Exercise details: Without copying the images, write out all the entries below verbatim.
*** Dataset records ***
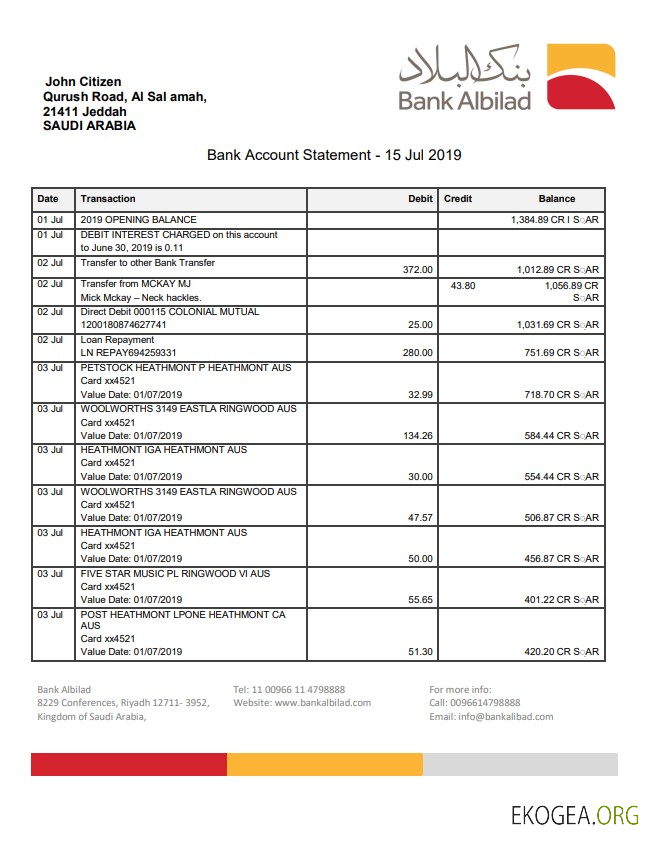Modèle de relevé bancaire de la Saudi Arabia Bank Albilad au format Word et PDF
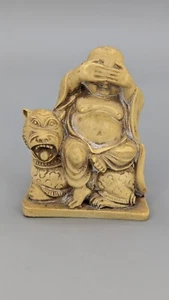 Vintage Resin See No Evil Buddha Sitting On Fu Dog 3.5" Statue Figurine - Picture 1 of 9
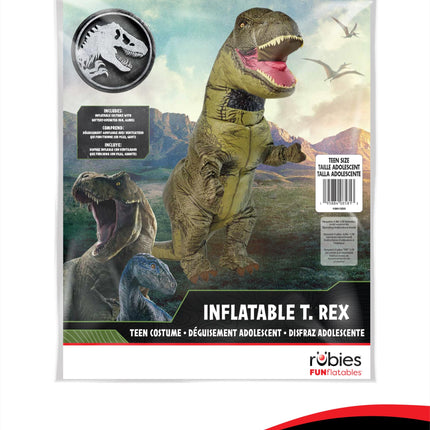 Rubies Jurassic World: T-Rex Inflatable Costume for Teens, Unisex One Size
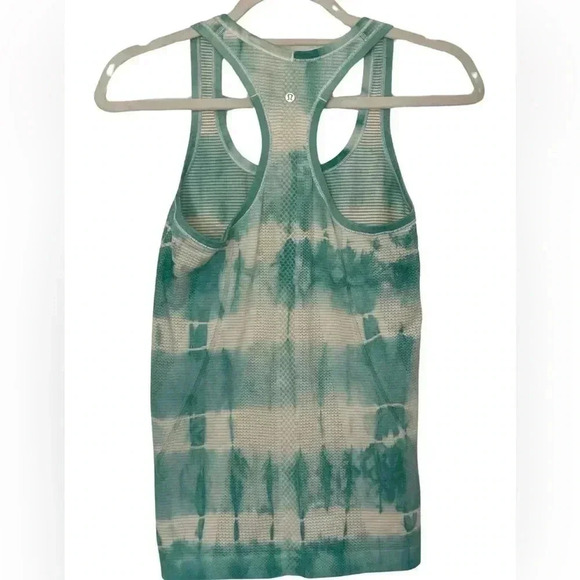 Lululemon Heathered Tranquil Blue Tie Dye Swiftly Tech Racerback Tank Size 4 - Picture 10 of 10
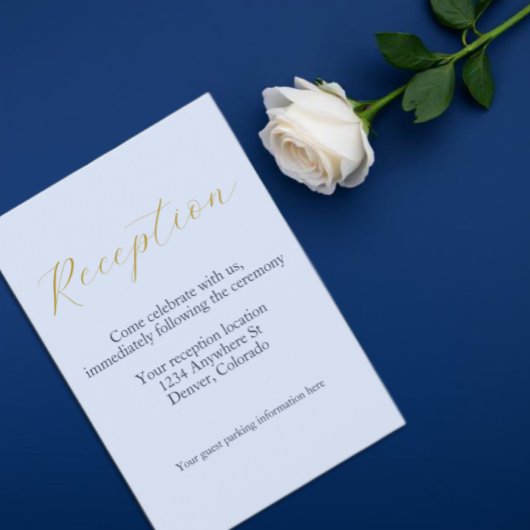 Opulent Blauw Huwelijksreceptie Informatiekaartje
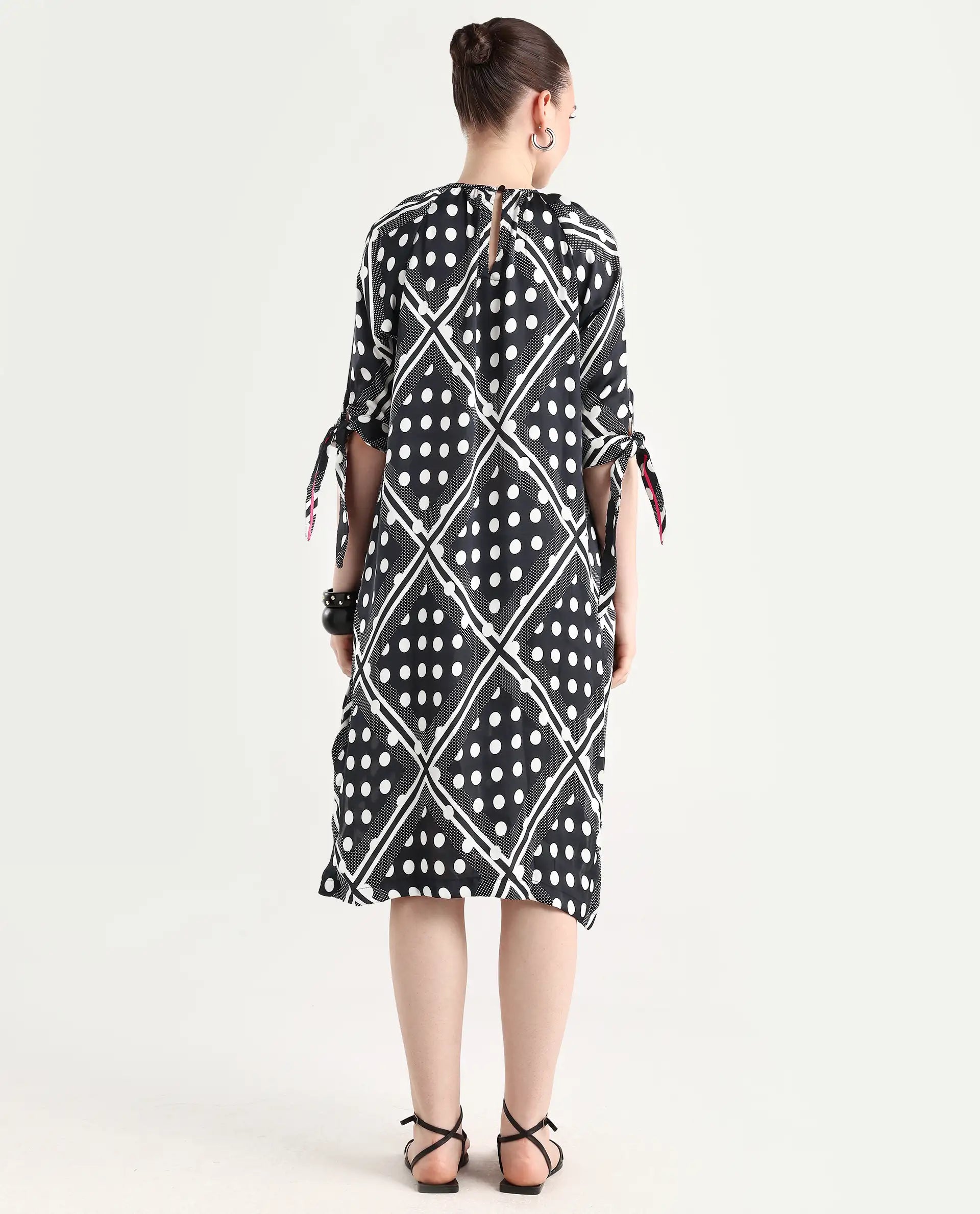 Rareism Women's Jeannie Black Polyester Boat Neck Polka Print Knee Length Regular Fit Dress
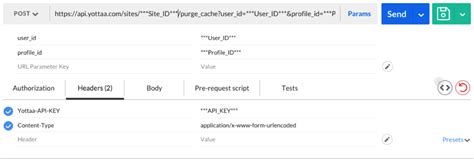 Flush cache with Yottaa API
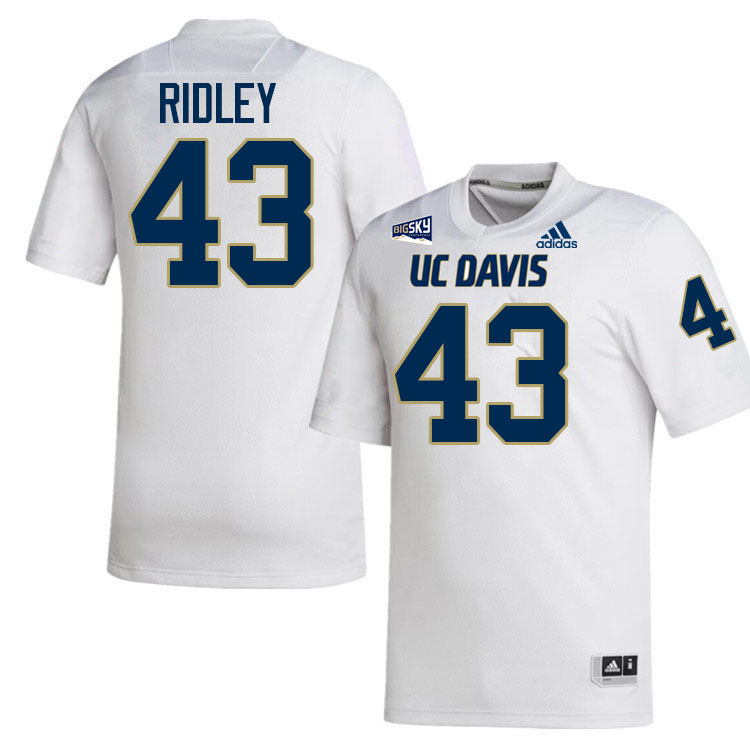 UC Davis Aggies #43 Hunter Ridley College Football Jerseys, Uniforms Stitched Sale-White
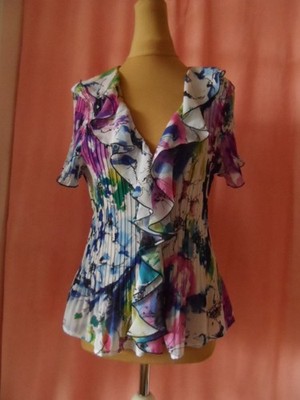 KRISS Damen Plissee Bluse, Gr. 2XL (eher L), bunt, Rüschen, dehnbar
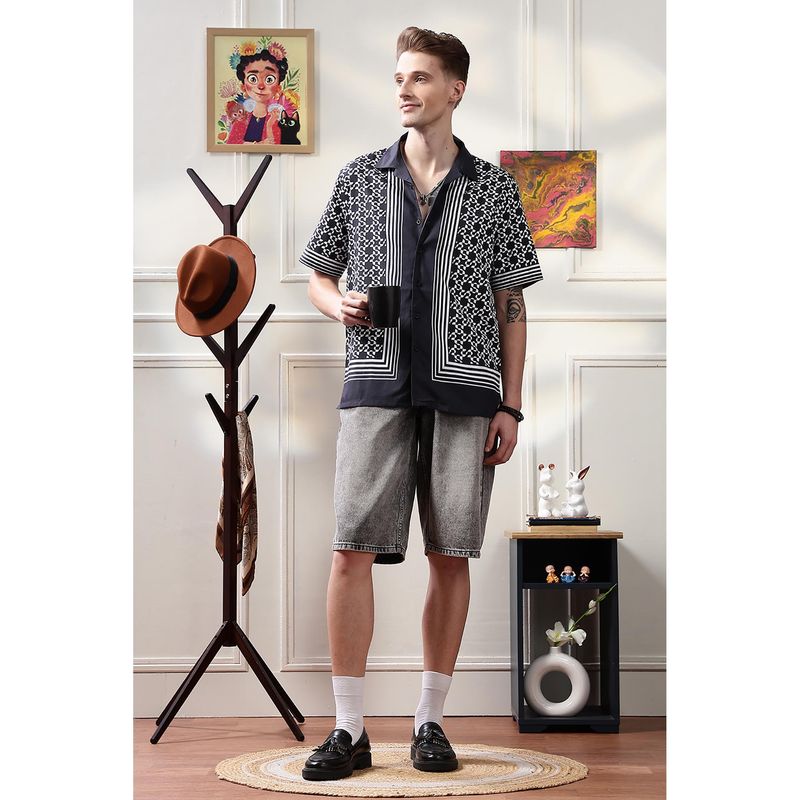 Eszett Square Print Cotton Cuban Black Shirt (S)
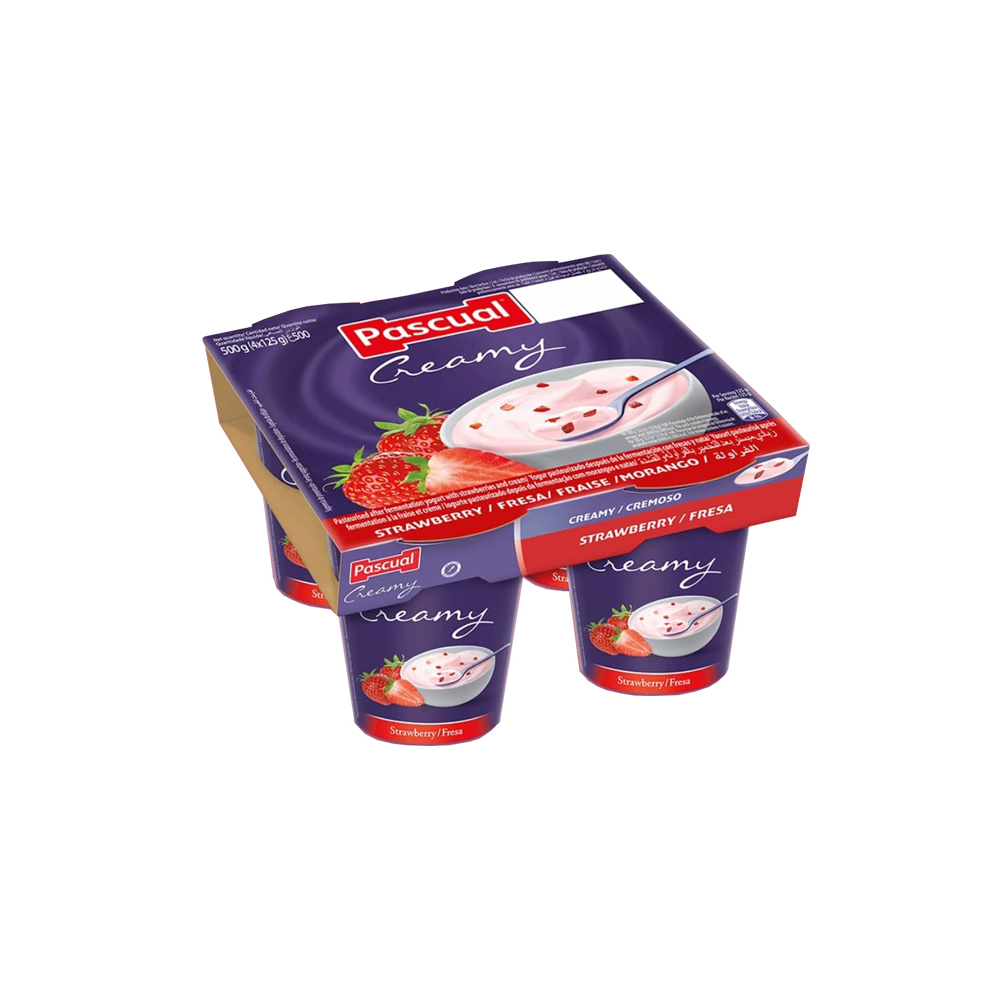 Yogurt Cremoso Sabor Fresa Pascual 4 X 125 G 4 40 Oz Supermarket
*** End of Dataset records ***
Solution below:
Modèle de relevé bancaire de la Saudi Arabia Bank Albilad au format Word et PDF
 Vintage Resin See No Evil Buddha Sitting On Fu Dog 3.5" Statue Figurine - Picture 1 of 9
 Rubies Jurassic World: T-Rex Inflatable Costume for Teens, Unisex One Size
 Lululemon Heathered Tranquil Blue Tie Dye Swiftly Tech Racerback Tank Size 4 - Picture 10 of 10
 Opulent Blauw Huwelijksreceptie Informatiekaartje
 Rareism Women's Jeannie Black Polyester Boat Neck Polka Print Knee Length Regular Fit Dress
 Flush cache with Yottaa API
 UC Davis Aggies #43 Hunter Ridley College Football Jerseys, Uniforms Stitched Sale-White
 KRISS Damen Plissee Bluse, Gr. 2XL (eher L), bunt, Rüschen, dehnbar
 Eszett Square Print Cotton Cuban Black Shirt (S)
 Yogurt Cremoso Sabor Fresa Pascual 4 X 125 G 4 40 Oz Supermarket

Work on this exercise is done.